If the program won't work without the files it seems like splitting them into a separate repo is a bad idea. We have large test suites that we break into a separate repo but those are truly "auxiliary" files.

However, you may be able to manage the files in a separate repo and then use git-submodule to pull them into your project in a sane way. So, you'd still have the full history of all your source but, as I understand it, you'd only have the one relevant revision of your images submodule. The git-submodule facility should help you keep the correct version of the code in line with the correct version of the images.

Here's a good introduction to submodules from Git Book.


Another solution, since April 2015 is Git Large File Storage (LFS) (by GitHub).

It uses git-lfs (see git-lfs.github.com) and tested with a server supporting it: lfs-test-server:
You can store metadata only in the git repo, and the large file elsewhere.

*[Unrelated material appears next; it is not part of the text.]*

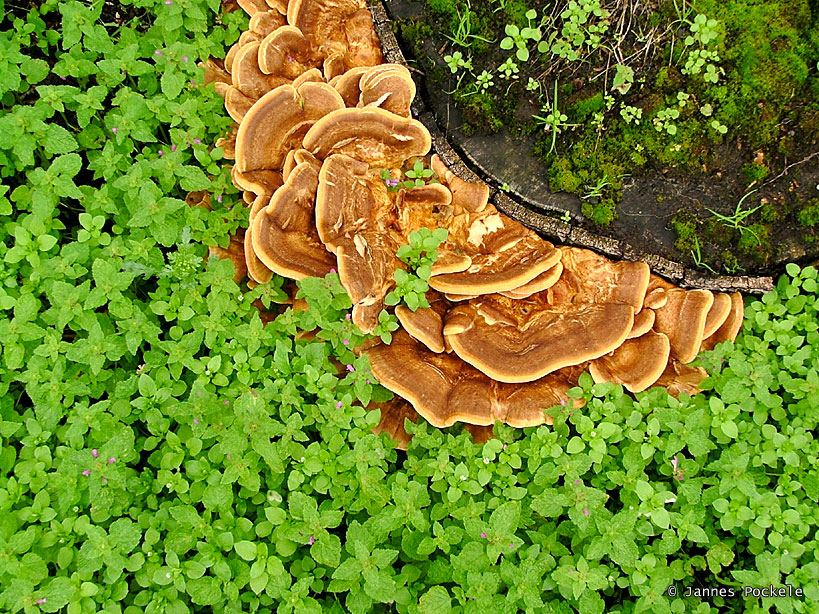 this is a forest of mushrooms growing on the ground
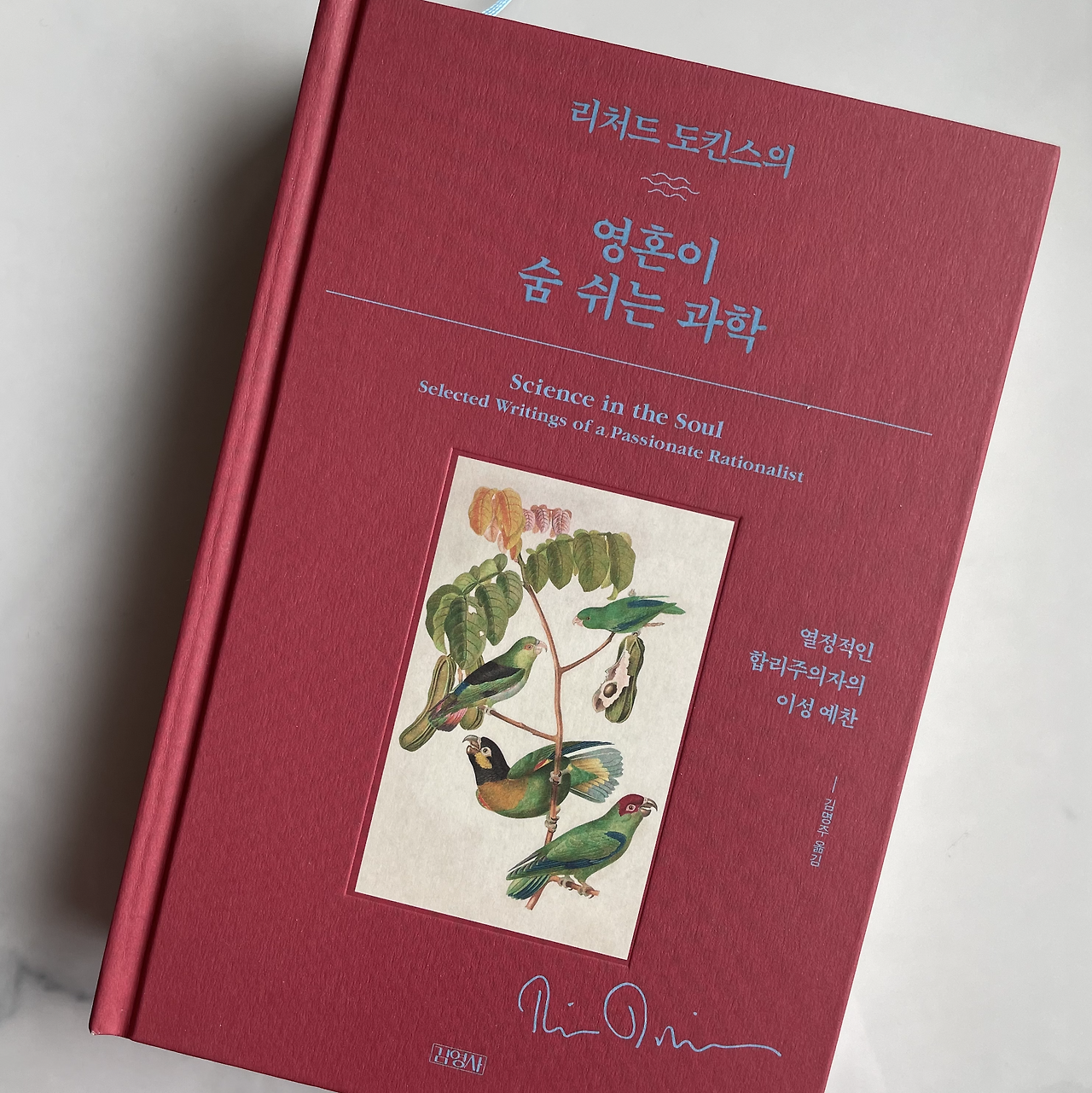 Screen Shot 2021-04-28 at 10.36.27 AM.png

https://cloud.githubusercontent.com/assets/1319791/7051226/c4570828-ddf4-11e4-87eb-8fc165e5ece4.gif


I discovered git-annex recently which I find awesome. It was designed for managing large files efficiently. I use it for my photo/music (etc.) collections. The development of git-annex is very active. The content of the files can be removed from the Git repository, only the tree hierarchy is tracked by Git (through symlinks). However, to get the content of the file, a second step is necessary after pulling/pushing, e.g.:

$ git annex add mybigfile
$ git commit -m'add mybigfile'
$ git push myremote
$ git annex copy --to myremote mybigfile ## This command copies the actual content to myremote
$ git annex drop mybigfile ## Remove content from local repo
...
$ git annex get mybigfile ## Retrieve the content
## or to specify the remote from which to get:
$ git annex copy --from myremote mybigfile

There are many commands available, and there is a great documentation on the website. A package is available on Debian.